Exact reproduction is required for the lines below starting at the line with "Patcute Bondage Harness" and ending at the line with "STHOUYN 56' W", both included. No other lines, and no pictures.

> _Entries supplied_
++++++++++

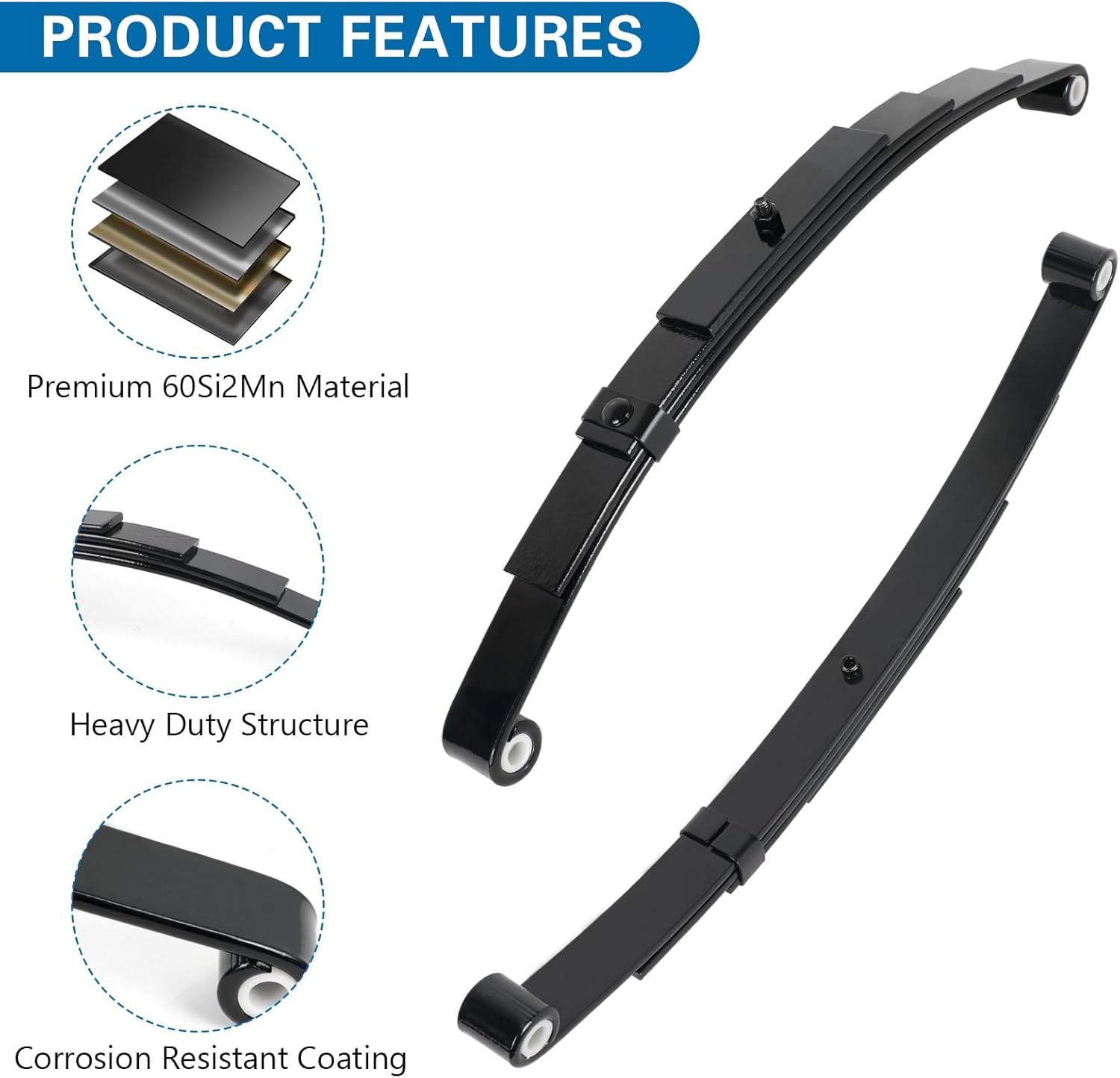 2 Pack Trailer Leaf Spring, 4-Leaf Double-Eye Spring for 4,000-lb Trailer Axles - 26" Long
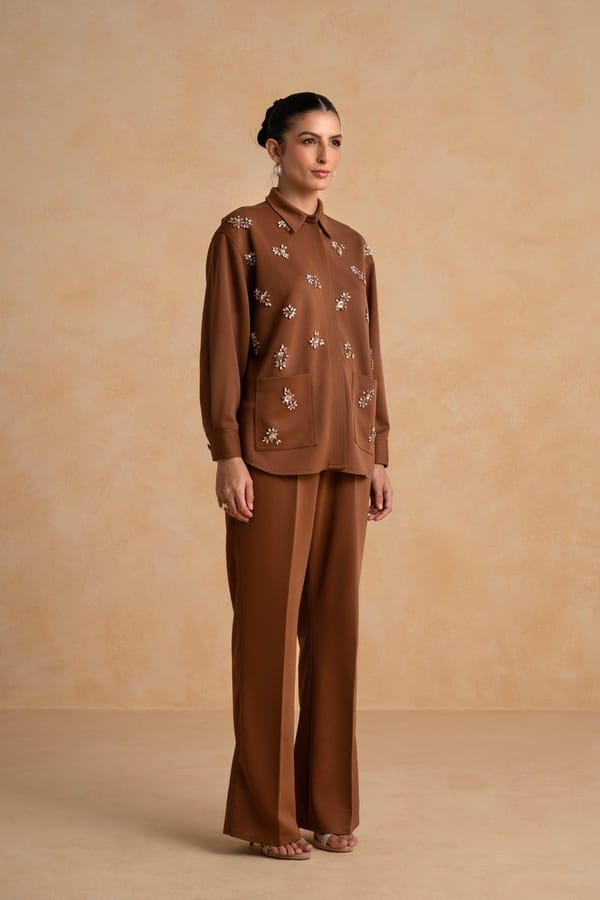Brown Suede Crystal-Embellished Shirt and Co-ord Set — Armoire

++++++++++

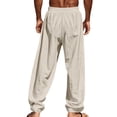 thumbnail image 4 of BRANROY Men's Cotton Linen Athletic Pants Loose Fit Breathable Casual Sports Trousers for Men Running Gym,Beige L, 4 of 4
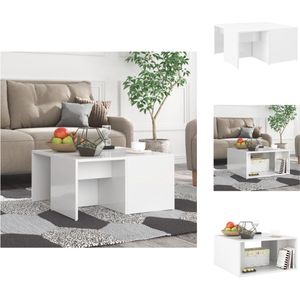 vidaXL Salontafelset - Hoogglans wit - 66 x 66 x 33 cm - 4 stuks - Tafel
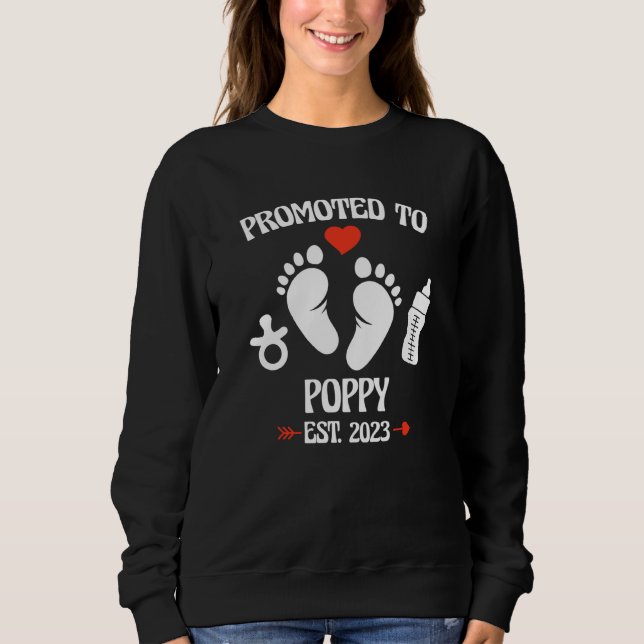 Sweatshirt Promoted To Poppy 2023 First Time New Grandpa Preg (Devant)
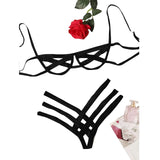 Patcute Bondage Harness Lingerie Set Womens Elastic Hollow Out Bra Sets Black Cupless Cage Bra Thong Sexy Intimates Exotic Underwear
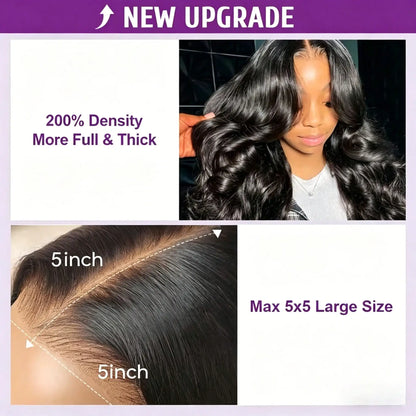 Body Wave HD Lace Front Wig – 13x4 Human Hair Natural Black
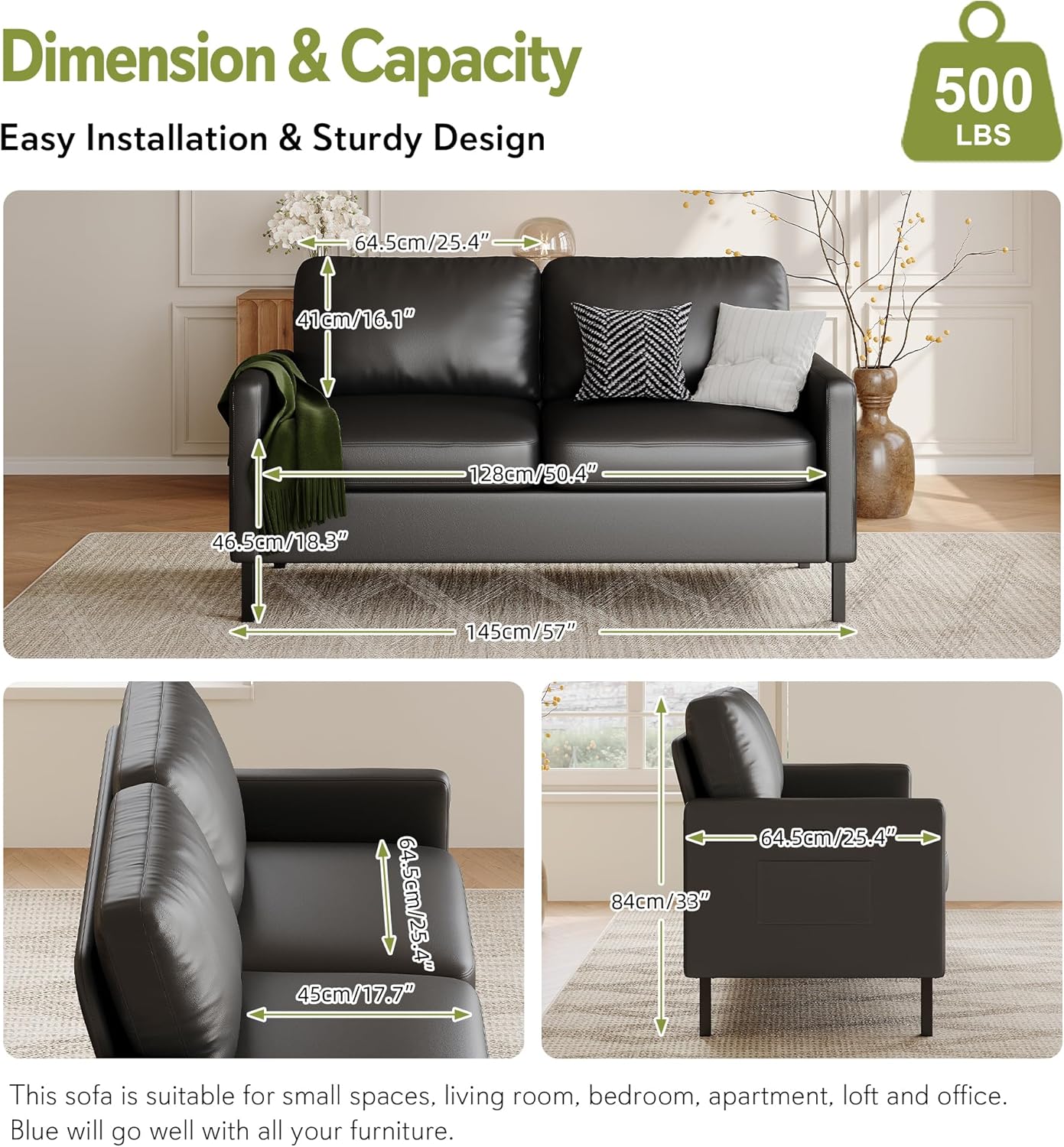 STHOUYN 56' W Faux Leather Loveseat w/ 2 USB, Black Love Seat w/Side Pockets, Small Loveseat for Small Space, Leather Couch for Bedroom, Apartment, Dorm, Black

++++++++++

> _Result for this exercise_
 Patcute Bondage Harness Lingerie Set Womens Elastic Hollow Out Bra Sets Black Cupless Cage Bra Thong Sexy Intimates Exotic Underwear
 Body Wave HD Lace Front Wig – 13x4 Human Hair Natural Black
 STHOUYN 56' W Faux Leather Loveseat w/ 2 USB, Black Love Seat w/Side Pockets, Small Loveseat for Small Space, Leather Couch for Bedroom, Apartment, Dorm, Black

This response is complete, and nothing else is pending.